### Work required
When copying the entries below, leave out every picture and keep the rest exact.

The data Start Marker

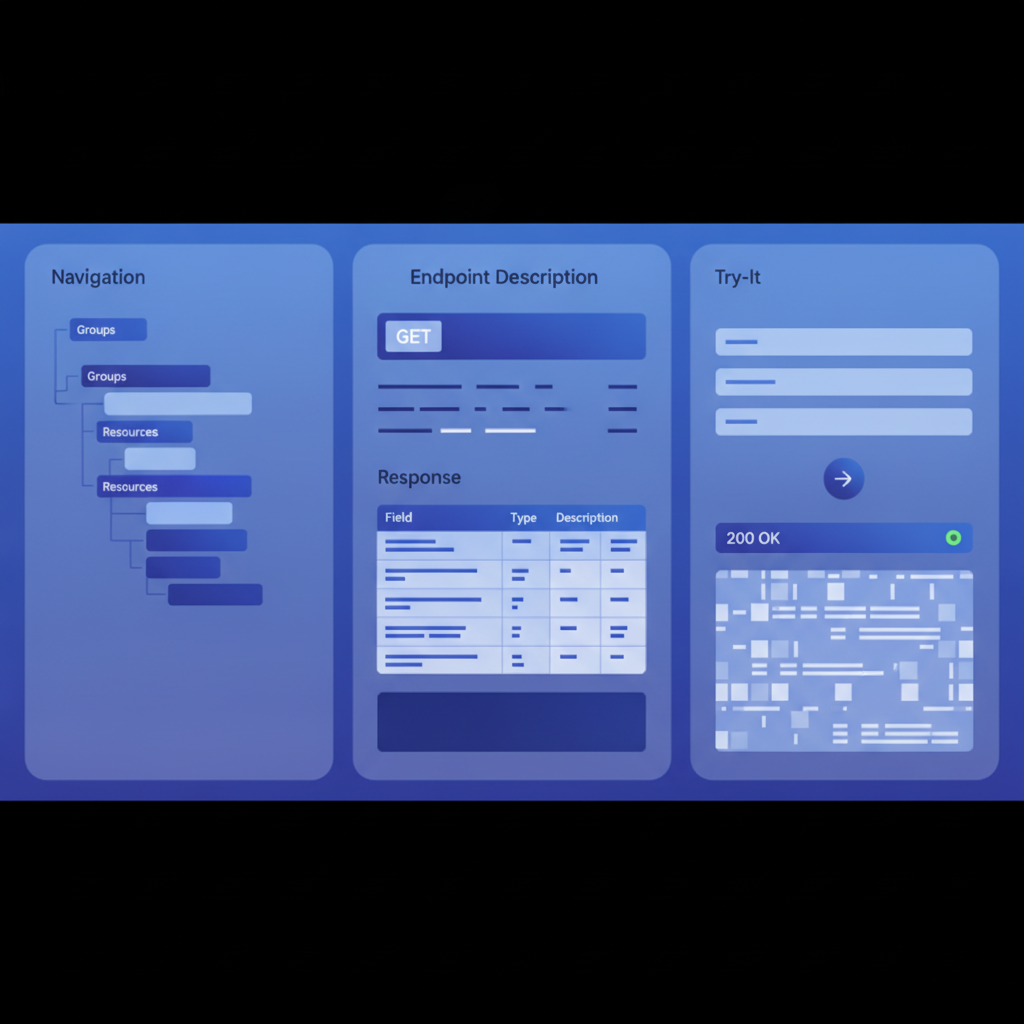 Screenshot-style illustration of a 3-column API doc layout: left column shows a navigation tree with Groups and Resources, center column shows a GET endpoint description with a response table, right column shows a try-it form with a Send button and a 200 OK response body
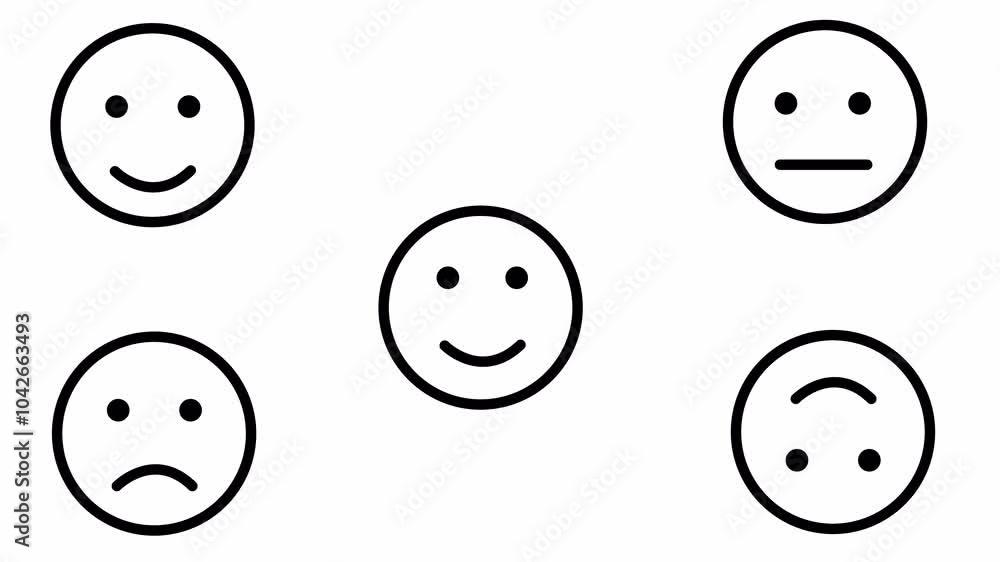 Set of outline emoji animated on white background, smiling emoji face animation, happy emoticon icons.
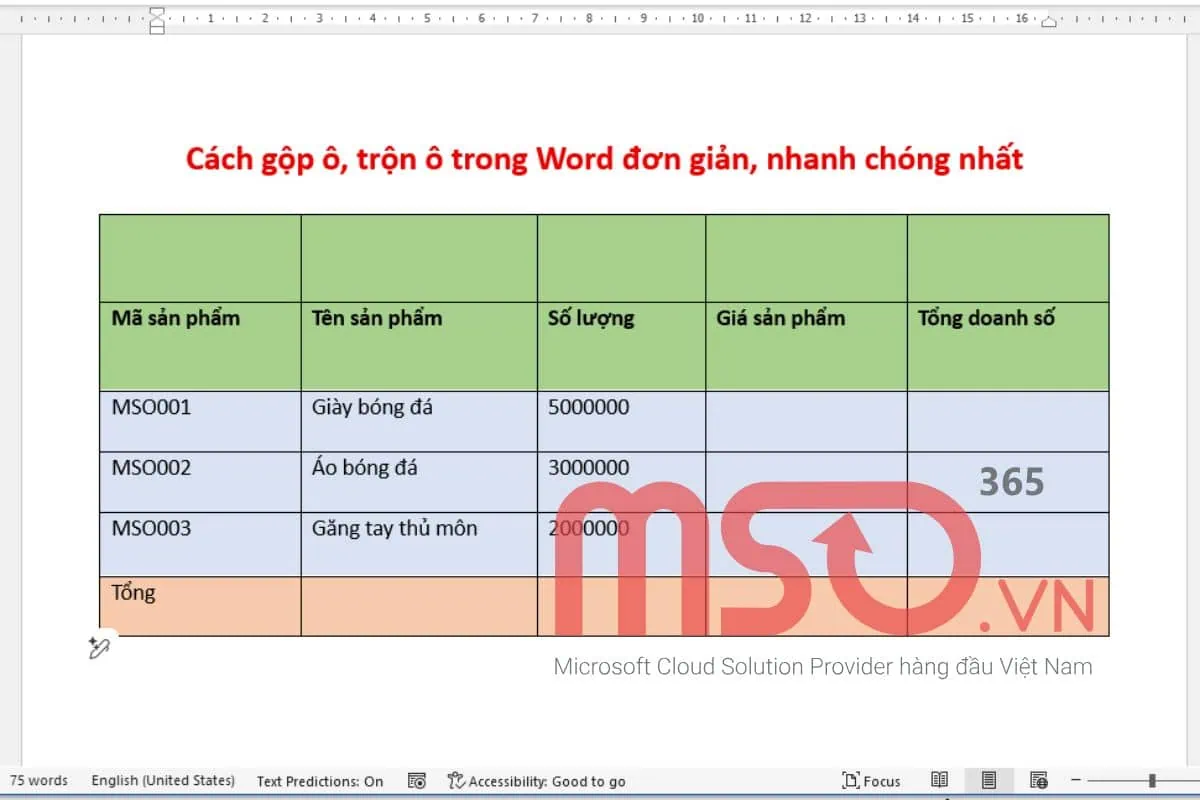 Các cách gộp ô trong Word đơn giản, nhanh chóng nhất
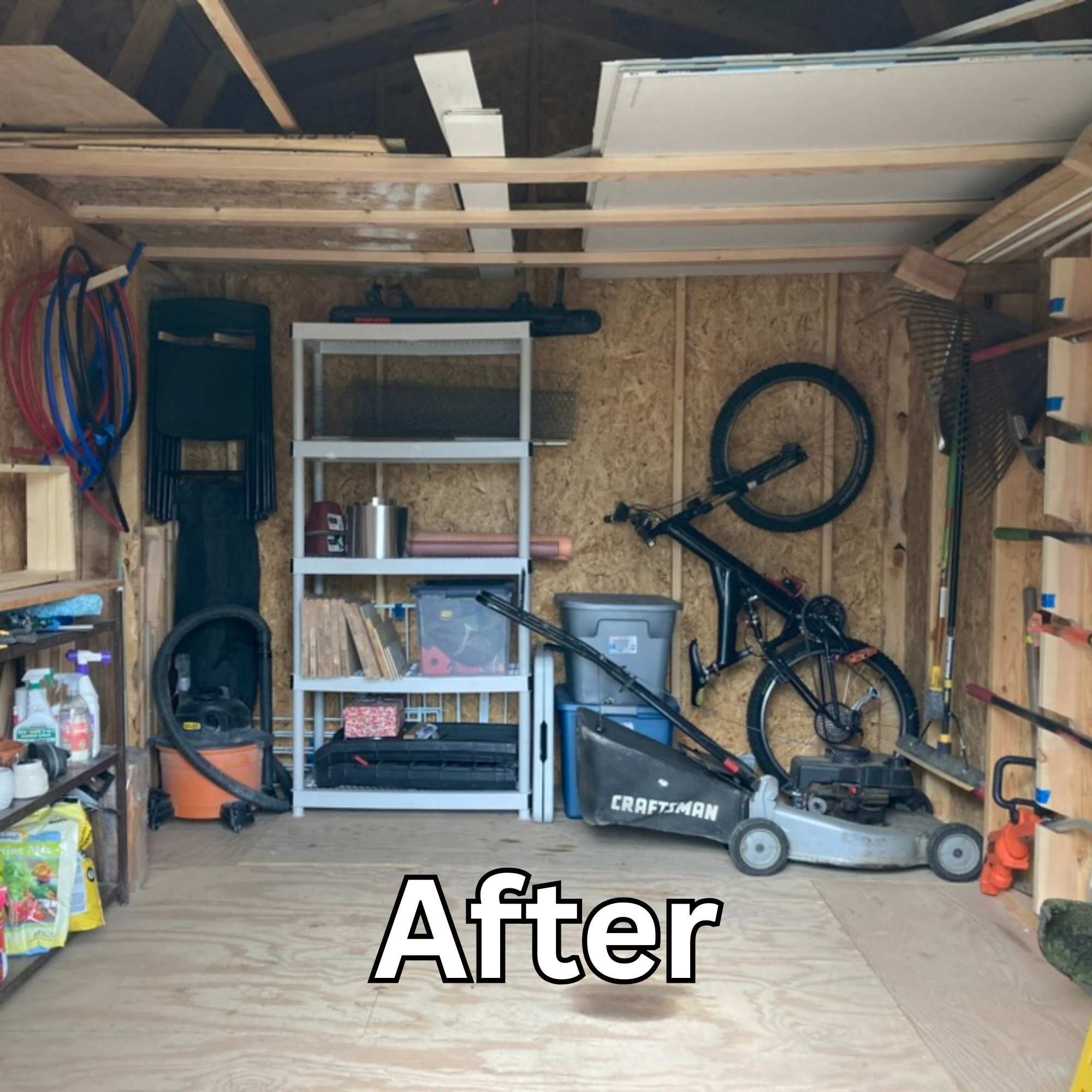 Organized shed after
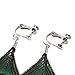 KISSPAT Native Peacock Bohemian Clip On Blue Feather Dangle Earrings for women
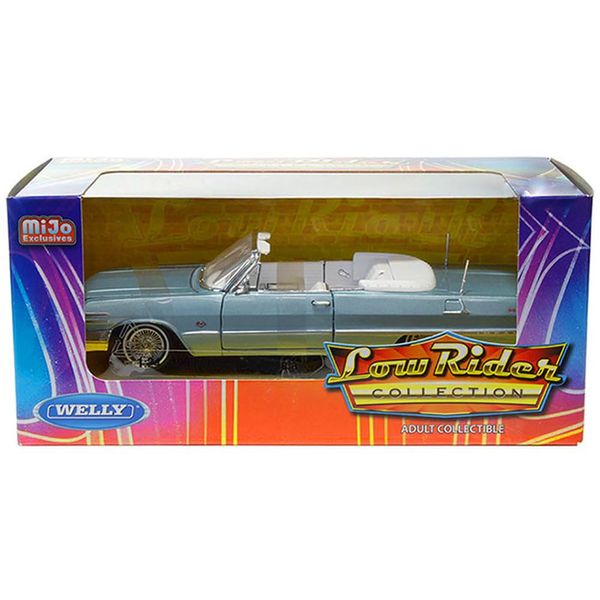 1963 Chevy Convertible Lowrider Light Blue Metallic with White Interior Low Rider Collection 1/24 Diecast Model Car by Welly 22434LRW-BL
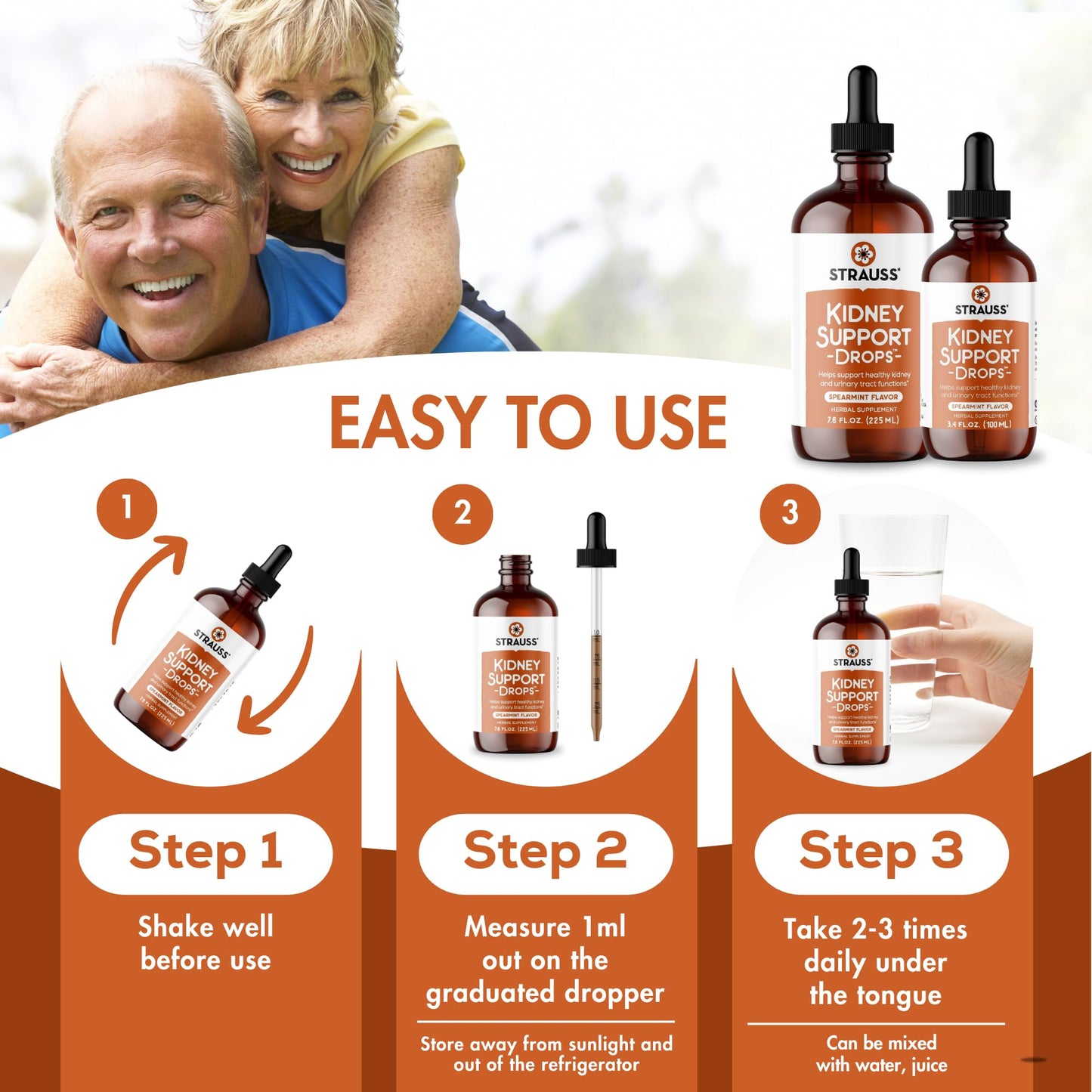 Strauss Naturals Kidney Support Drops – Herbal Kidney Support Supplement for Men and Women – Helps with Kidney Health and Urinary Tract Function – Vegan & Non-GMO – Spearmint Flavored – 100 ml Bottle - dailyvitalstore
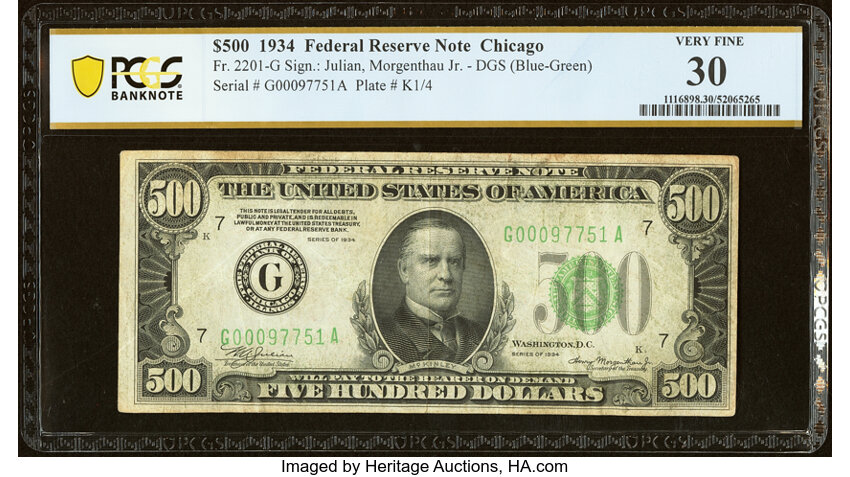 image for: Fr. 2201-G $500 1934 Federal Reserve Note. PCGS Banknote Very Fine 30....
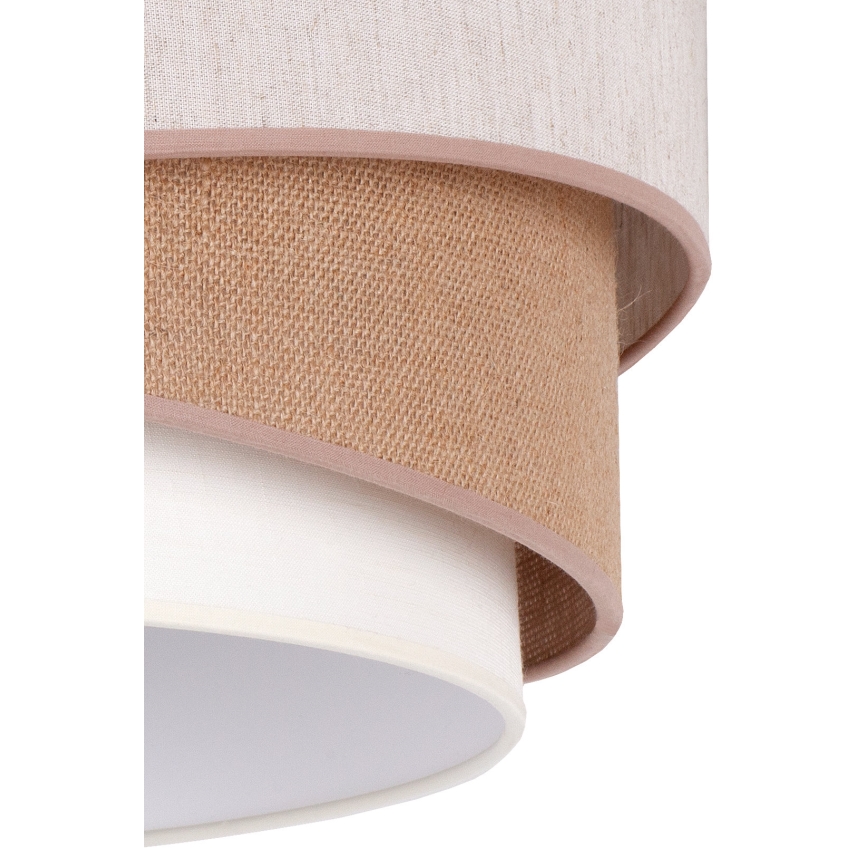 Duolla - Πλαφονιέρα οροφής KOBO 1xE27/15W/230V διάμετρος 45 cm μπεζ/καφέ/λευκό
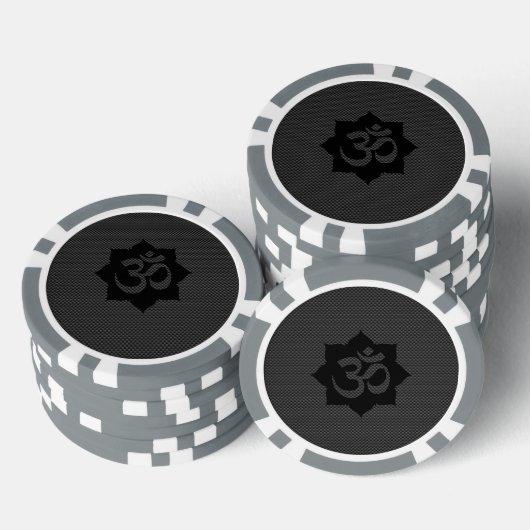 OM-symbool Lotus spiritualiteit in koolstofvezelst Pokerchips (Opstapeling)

The data End Marker

### Answer to this exercise
 Screenshot-style illustration of a 3-column API doc layout: left column shows a navigation tree with Groups and Resources, center column shows a GET endpoint description with a response table, right column shows a try-it form with a Send button and a 200 OK response body
 Set of outline emoji animated on white background, smiling emoji face animation, happy emoticon icons.
 Các cách gộp ô trong Word đơn giản, nhanh chóng nhất
 Organized shed after
 KISSPAT Native Peacock Bohemian Clip On Blue Feather Dangle Earrings for women
 1963 Chevy Convertible Lowrider Light Blue Metallic with White Interior Low Rider Collection 1/24 Diecast Model Car by Welly 22434LRW-BL
 Strauss Naturals Kidney Support Drops – Herbal Kidney Support Supplement for Men and Women – Helps with Kidney Health and Urinary Tract Function – Vegan & Non-GMO – Spearmint Flavored – 100 ml Bottle - dailyvitalstore
 image for: Fr. 2201-G $500 1934 Federal Reserve Note. PCGS Banknote Very Fine 30....
 Duolla - Πλαφονιέρα οροφής KOBO 1xE27/15W/230V διάμετρος 45 cm μπεζ/καφέ/λευκό
 OM-symbool Lotus spiritualiteit in koolstofvezelst Pokerchips (Opstapeling)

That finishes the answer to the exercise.